The Coming One

“Behold all Creation is saved by Christ and sang praise for the Son’s Nativity”

~Qolo: Nativity Night Vigil

Advent is a season of travail. Birth pangs are upon the entire creation that yearns for the coming of its Creator;[1] for salvation is not anthropocentric but eco-centric. It is not just the human beings who long for the advent of Christ but the entire creation; “The whole creation has been groaning in labour pains.” (Rom. 8:22). God so loved the world (κόσμος) and not just human beings that He gave His only begotten Son. (John 3:16). Christ does indeed become a human being – that is because among creatures only human beings are created in the image of God[2] therefore Christ could only become a human being[3] – but that does not mean deification is exclusive to human beings. This would be a fallacious idea.[4] As we sing in the Bo’utho Mor Jacob in our Nativity Vespers; “Earth rejoices with peace on His Nativity. Glory to Him who gladdened the earth by His birth.”
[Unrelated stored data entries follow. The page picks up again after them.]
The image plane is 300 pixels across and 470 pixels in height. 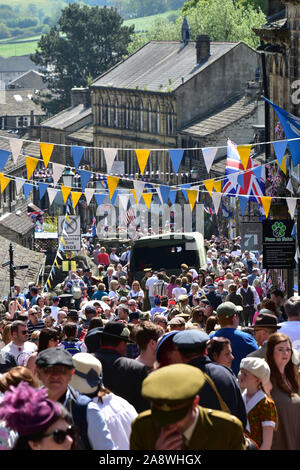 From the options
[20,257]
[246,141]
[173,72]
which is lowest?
[20,257]

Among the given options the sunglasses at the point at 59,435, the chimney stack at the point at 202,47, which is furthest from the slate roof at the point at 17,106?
the sunglasses at the point at 59,435

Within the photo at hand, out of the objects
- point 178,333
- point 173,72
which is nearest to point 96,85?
point 173,72

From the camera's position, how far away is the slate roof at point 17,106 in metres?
120

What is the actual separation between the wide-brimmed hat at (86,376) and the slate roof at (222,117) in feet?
187

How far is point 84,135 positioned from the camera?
3622 inches

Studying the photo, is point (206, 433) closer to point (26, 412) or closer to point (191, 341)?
point (26, 412)

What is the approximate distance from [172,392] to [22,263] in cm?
3156

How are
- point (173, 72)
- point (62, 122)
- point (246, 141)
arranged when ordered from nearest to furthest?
point (246, 141) < point (173, 72) < point (62, 122)

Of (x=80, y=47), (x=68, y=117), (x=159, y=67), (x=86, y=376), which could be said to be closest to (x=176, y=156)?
(x=86, y=376)

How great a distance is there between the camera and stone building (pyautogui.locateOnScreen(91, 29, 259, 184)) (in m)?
72.6

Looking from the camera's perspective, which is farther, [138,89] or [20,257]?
[138,89]

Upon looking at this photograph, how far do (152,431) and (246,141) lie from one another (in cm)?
5937

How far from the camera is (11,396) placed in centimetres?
574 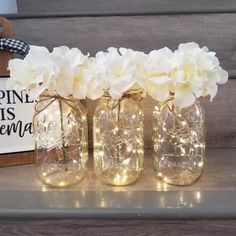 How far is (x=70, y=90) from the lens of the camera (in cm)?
65

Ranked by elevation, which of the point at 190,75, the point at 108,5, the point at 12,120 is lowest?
the point at 12,120

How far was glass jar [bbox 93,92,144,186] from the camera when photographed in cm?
73

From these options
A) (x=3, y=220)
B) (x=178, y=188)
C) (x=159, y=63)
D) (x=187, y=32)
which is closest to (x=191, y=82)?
(x=159, y=63)

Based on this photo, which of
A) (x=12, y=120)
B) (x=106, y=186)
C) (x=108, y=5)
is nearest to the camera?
(x=106, y=186)

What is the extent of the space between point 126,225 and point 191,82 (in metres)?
0.28

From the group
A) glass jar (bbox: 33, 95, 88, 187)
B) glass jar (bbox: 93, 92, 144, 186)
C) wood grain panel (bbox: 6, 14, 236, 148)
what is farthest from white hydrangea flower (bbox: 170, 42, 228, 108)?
wood grain panel (bbox: 6, 14, 236, 148)

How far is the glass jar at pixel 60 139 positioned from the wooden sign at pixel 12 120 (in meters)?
0.06

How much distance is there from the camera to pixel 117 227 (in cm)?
58

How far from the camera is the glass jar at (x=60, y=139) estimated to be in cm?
74

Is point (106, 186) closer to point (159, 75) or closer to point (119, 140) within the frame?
A: point (119, 140)

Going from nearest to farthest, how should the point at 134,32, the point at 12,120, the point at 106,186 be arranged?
the point at 106,186 < the point at 12,120 < the point at 134,32

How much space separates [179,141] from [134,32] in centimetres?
49

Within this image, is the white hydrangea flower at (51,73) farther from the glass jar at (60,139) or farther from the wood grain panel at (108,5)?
the wood grain panel at (108,5)

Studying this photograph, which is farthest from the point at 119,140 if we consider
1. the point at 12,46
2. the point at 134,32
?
the point at 134,32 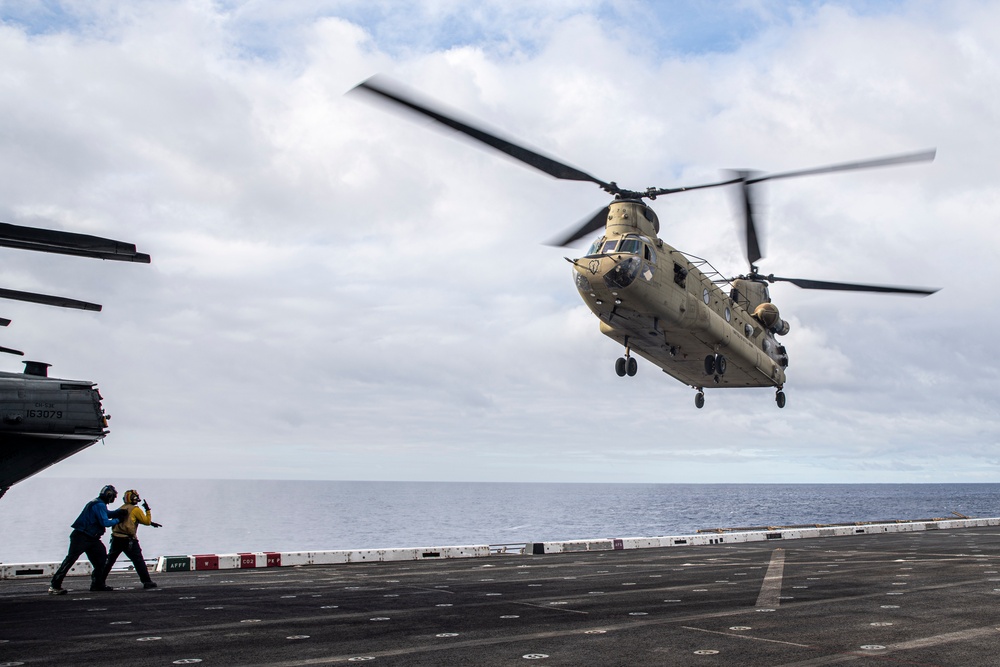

Human beings cannot be conceived apart from the cosmos because through a visible body and an invisible soul, human beings hold in themselves the visible and invisible worlds.[5] As Dumitru Staniloae eruditely puts it; “Each human person in a certain way is a hypostasis of the entire cosmic nature, but he is this only in solidarity with others. Cosmic nature is thus common to all hypostases, although each one hypostasizes it and lives it personally in a way that is particular to himself and complementary to that of others.”[6]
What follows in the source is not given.